The model snapshot tables are set up in the SDDB database during Simple and Enterprise installs of Oracle Real-Time Decisions. You may choose to store the model snapshot data in the SDDB database tables, but this is not recommended for a production system.

The main objectives of this stage are to create the model snapshot tables in a non-SDDS database, and to register them with the application server and the JMX MBeans.

Important:

The text values in the model snapshot tables must be case sensitive. If the default setting for your database is case insensitive, make sure that you override the setting when creating the model snapshot tables.

To configure the model snapshot tables:

Select the database where your model snapshot tables will be stored.

From the RTD_HOME\scripts directory, run the command that creates the model snapshot tables:

sdexec com.sigmadynamics.tools.SDDBTool.SDDBTool -f -i -I InitSnapshotDb.ctl db_type db_host db_port db_name db_runtime_user db_admin_user db_admin_password

Note:

By replacing the -i parameter with -u, the operation changes from initialization of a new schema to an upgrade of an existing schema.

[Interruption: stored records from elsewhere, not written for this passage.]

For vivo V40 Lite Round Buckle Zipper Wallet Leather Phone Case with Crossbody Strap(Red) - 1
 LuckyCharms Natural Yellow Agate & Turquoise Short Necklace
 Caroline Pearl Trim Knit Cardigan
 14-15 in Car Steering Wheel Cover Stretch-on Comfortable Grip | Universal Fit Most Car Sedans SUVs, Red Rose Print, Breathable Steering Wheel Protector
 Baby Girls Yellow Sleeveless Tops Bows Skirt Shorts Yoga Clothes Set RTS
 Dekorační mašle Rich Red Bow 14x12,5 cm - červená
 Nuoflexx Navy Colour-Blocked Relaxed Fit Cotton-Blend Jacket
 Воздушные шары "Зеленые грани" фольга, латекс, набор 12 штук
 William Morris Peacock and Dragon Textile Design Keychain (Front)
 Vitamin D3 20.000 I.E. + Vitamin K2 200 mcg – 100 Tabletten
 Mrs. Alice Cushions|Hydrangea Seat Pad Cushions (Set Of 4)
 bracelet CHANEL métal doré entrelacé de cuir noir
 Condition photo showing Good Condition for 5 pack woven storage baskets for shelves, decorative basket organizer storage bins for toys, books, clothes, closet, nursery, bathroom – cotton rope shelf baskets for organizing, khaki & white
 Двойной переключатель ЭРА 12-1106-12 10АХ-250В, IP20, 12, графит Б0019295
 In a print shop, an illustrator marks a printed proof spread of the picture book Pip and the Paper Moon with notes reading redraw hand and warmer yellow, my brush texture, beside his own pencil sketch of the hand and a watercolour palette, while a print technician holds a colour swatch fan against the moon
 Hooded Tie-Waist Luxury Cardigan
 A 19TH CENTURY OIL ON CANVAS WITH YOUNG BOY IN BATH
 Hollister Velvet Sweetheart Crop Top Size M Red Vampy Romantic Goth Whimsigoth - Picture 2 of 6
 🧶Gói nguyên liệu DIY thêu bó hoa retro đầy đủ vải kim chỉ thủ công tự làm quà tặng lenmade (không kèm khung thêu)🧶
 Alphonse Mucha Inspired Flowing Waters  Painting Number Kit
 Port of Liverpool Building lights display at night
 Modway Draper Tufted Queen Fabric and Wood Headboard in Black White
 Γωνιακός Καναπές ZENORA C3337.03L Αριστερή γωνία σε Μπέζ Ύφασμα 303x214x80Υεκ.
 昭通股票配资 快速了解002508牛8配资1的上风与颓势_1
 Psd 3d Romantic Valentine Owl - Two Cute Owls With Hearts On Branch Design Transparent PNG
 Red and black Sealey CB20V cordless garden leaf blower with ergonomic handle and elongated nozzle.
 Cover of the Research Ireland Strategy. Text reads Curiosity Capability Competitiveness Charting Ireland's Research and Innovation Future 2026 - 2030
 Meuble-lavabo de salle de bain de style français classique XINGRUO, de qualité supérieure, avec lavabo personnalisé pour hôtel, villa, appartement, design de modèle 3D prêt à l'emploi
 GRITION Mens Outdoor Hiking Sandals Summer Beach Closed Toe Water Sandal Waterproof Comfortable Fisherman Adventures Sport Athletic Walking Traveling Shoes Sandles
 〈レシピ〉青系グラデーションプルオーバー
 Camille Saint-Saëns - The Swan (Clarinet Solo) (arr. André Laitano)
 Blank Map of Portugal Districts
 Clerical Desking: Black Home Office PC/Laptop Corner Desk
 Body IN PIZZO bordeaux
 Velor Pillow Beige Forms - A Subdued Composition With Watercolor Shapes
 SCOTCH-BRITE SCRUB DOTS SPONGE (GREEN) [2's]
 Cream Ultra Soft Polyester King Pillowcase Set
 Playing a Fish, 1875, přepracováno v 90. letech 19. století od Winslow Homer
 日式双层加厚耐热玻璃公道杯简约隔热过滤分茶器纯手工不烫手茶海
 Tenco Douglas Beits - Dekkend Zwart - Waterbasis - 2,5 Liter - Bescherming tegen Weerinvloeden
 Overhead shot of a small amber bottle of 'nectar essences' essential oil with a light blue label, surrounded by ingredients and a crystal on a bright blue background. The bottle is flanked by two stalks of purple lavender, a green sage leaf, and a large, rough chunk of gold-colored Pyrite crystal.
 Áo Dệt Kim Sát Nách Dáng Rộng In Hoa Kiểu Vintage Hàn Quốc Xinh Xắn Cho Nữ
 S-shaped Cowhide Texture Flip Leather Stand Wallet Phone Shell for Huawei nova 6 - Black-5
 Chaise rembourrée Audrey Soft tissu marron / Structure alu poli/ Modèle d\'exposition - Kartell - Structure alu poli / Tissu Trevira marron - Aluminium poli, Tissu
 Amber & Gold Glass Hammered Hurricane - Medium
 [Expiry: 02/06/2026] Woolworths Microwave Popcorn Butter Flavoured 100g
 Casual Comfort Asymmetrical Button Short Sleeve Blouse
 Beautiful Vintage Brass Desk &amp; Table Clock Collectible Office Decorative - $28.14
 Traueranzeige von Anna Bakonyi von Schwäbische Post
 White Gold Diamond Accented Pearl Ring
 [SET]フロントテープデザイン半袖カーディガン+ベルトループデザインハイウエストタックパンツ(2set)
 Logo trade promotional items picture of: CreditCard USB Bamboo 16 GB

The following table describes the parameters for the sdexec script.

Parameter	Description
`db_type`	The database type. Select one of the following: oracle, sqlserver, db2.
`db_host`	The name of the computer hosting the database server.
`db_port`	The database port number.
`db_name`	The name of the database or, for Oracle Database, the SID.
`db_runtime_user`^Foot 1	The user name of the run time user for the system.
`db_admin_user`	The name of a user that has rights on the database to create tables and stored procedures.
`db_admin_password`	The password of the administrative user.

^Footnote 1For Oracle Database, the db_runtime_user and db_admin_user are the same user.

Create a new Data Source in your application server, that references the database where your model snapshot tables are stored.

For details of how to create a Data Source in an application server, see Chapter 5, "Configuring Data Access for Oracle Real-Time Decisions."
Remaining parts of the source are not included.